PROBLEM TO WORK ON
Copy exactly the lines from the start of the material through the line with "Hi guys, this". Pictures stay out of the copy.

= Beginning of Section =

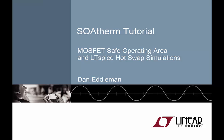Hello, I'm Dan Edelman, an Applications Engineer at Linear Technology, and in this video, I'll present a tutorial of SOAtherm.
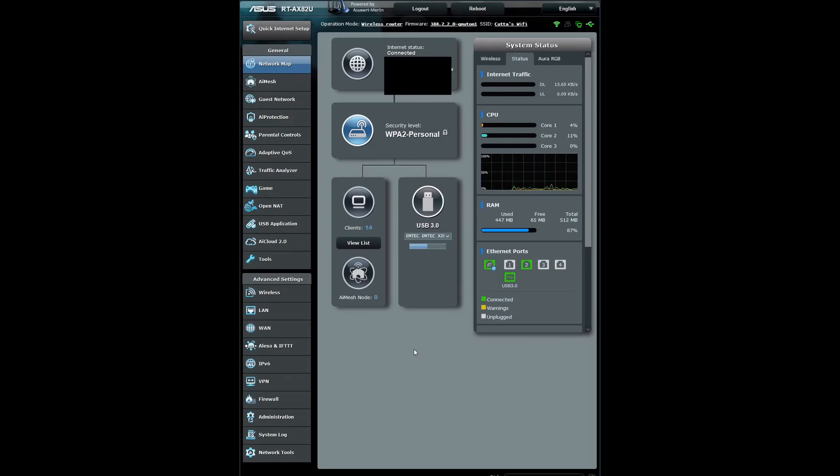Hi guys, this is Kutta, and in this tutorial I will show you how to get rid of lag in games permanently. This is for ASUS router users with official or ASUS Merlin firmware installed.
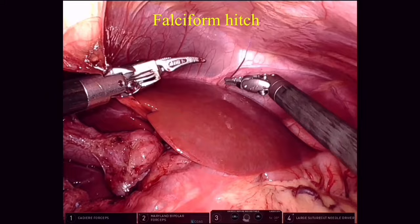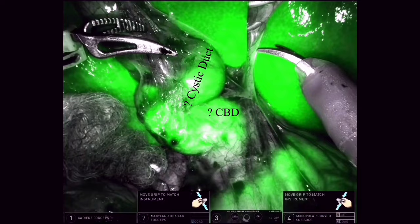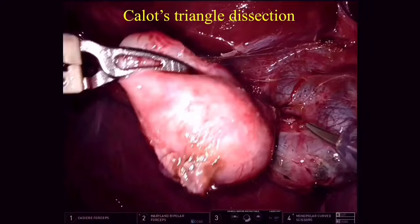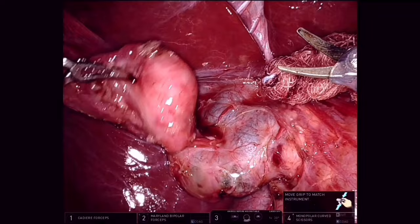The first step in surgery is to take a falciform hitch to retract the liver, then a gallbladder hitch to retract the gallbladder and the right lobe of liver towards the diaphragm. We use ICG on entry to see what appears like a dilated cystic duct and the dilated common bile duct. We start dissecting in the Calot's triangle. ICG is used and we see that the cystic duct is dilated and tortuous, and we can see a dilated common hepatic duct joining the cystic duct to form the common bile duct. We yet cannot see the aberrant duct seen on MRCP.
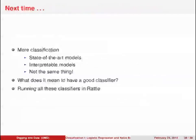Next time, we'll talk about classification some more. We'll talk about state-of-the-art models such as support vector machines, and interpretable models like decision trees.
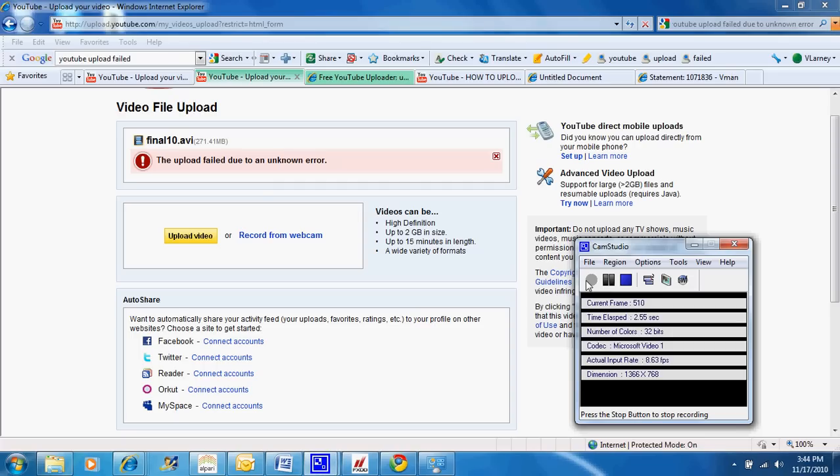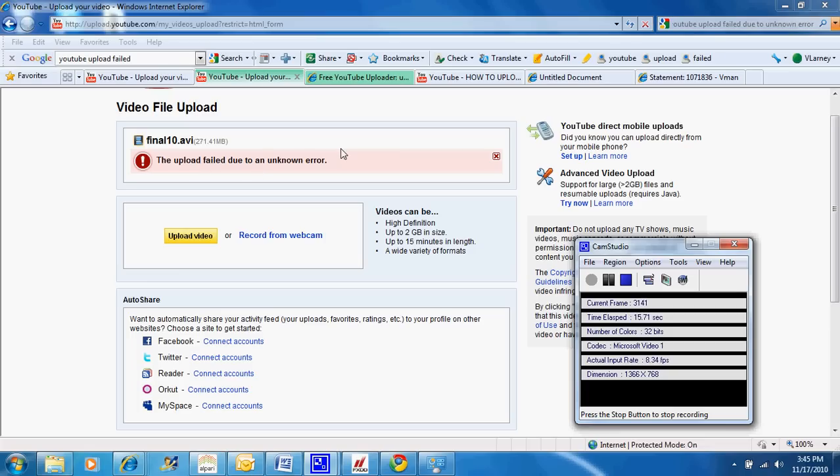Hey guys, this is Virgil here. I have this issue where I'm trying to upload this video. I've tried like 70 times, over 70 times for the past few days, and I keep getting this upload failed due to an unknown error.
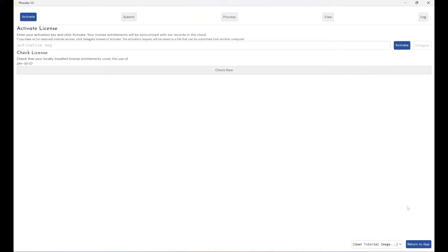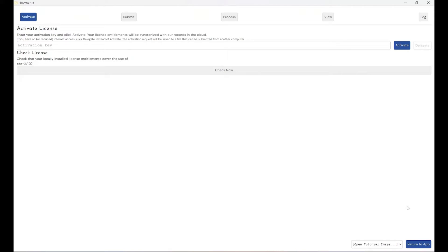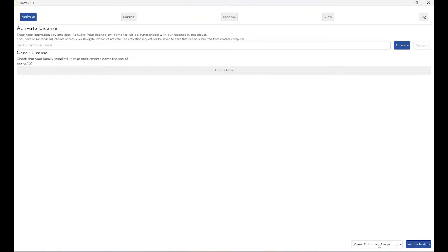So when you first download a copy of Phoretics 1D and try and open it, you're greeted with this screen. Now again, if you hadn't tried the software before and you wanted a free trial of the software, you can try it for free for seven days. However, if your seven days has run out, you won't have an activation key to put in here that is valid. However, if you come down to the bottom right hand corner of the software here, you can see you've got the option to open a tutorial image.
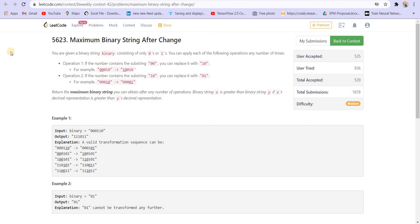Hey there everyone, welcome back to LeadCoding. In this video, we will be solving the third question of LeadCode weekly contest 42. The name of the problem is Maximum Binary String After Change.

= End of Section =

REPLY TO THE EXERCISE
Hello, I'm Dan Edelman, an Applications Engineer at Linear Technology, and in this video, I'll present a tutorial of SOAtherm.
Hi guys, this is Kutta, and in this tutorial I will show you how to get rid of lag in games permanently. This is for ASUS router users with official or ASUS Merlin firmware installed.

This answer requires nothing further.